Posted: Fri Jul 05, 2013 9:12 pm
by NorthernBloke
I have to agree - when my car was set up on the rolling road the vac advance ended up being disconnected.

Posted: Fri Jul 05, 2013 9:38 pm
by mgbv8
Garry
If you look at the height of the two vac connestions you will see that they are not level.

The lower one will give max vac at idle with the flaps shut. This vacuum will go away as you open the throttle.

The higher one will see no vac at idle, but will give a progressive vac signal as you open the throttle.

The lower one is the one you should use for a dissy. The higher one is the one I use to connect to the vac modulator on my autogearbox for the kickdown system. If the kickdown cable is fully out but the vac modulator does not see WOT it wont kickdown.

I disconnected my dissy vac yonks ago even though I use a Mallory unilite dissy. Even when the car was on the road the dissy worked better on its own.

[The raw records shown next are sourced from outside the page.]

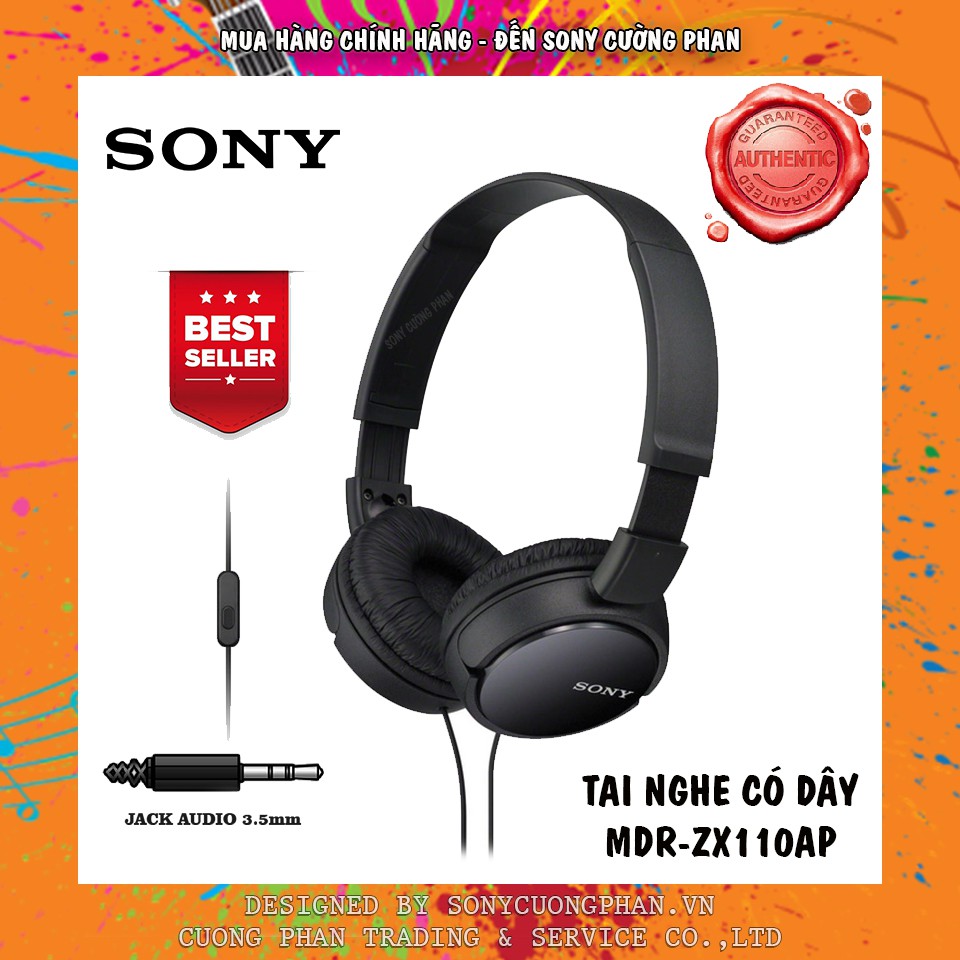 Tai Nghe Chụp Tai Sony ZX110AP | Chính Hãng Sony Việt Nam | Bảo Hành 12 Tháng Toàn Quốc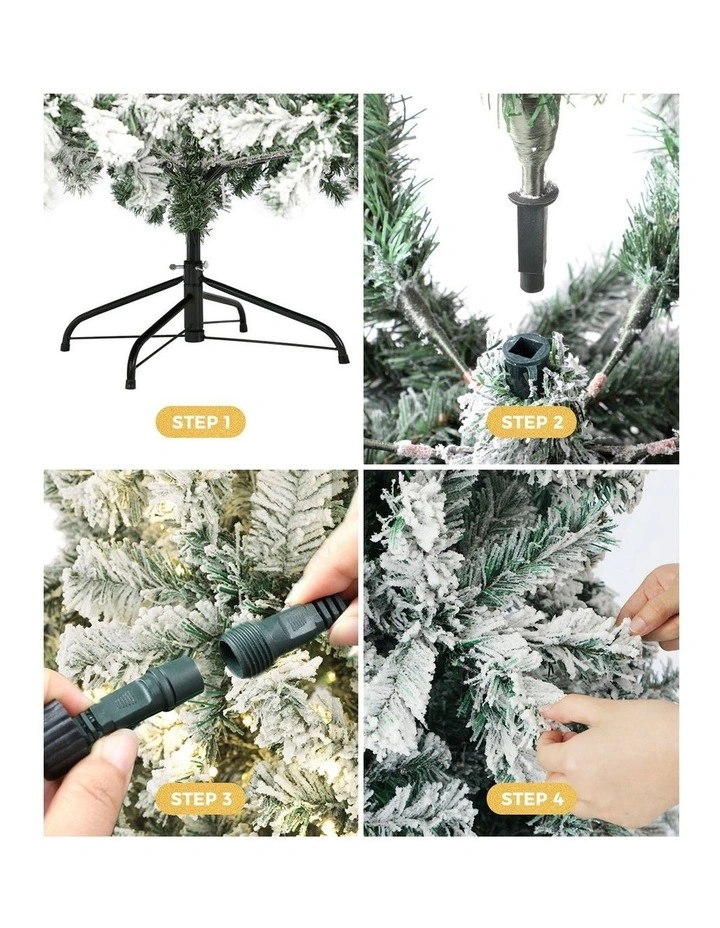 Tinseltown LED Christmas Tree 1.8M 6FT with Tree Skirt Light Snow-sprayed Green image 6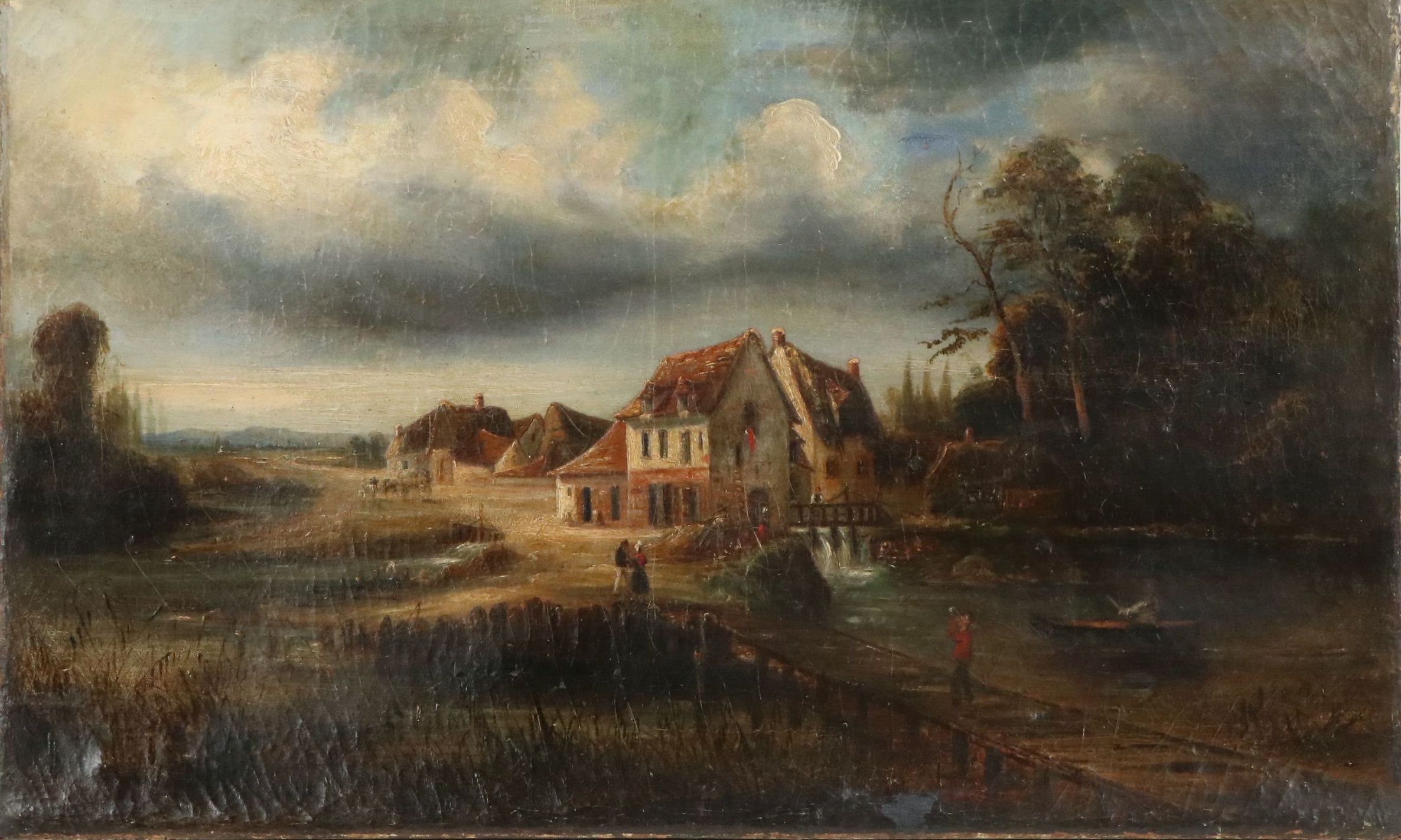 French School Oil Painting of Rural Landscape with Cottage, 19th Century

Posted: Fri Jul 05, 2013 10:28 pm
by DaveEFI
The main purpose of the vacuum unit is to advance the ignition at cruise - to improve fuel economy. It shouldn't have any effect on the max power or torque of the engine, where vacuum will be low at high throttle opening. It does need the take-off carefully positioned so you don't get high vacuum at idle, though.

On the GM box, manifold vacuum is the main thing which controls the gearbox change up speeds, and provides the part throttle change down. The kickdown cable only does anything at max throttle. Try driving the car with the vacuum line to the box blanked off if you don't believe me. It won't change up until near the max speed in each gear.

Posted: Sat Jul 06, 2013 5:02 am
by sidecar
DaveEFI wrote:The main purpose of the vacuum unit is to advance the ignition at cruise - to improve fuel economy. It shouldn't have any effect on the max power or torque of the engine, where vacuum will be low at high throttle opening. It does need the take-off carefully positioned so you don't get high vacuum at idle, though.
Your statement is quite correct and it is unfortunate that the Eddy carb just does not work well with the Lucas dizzy with regards to the vac advance.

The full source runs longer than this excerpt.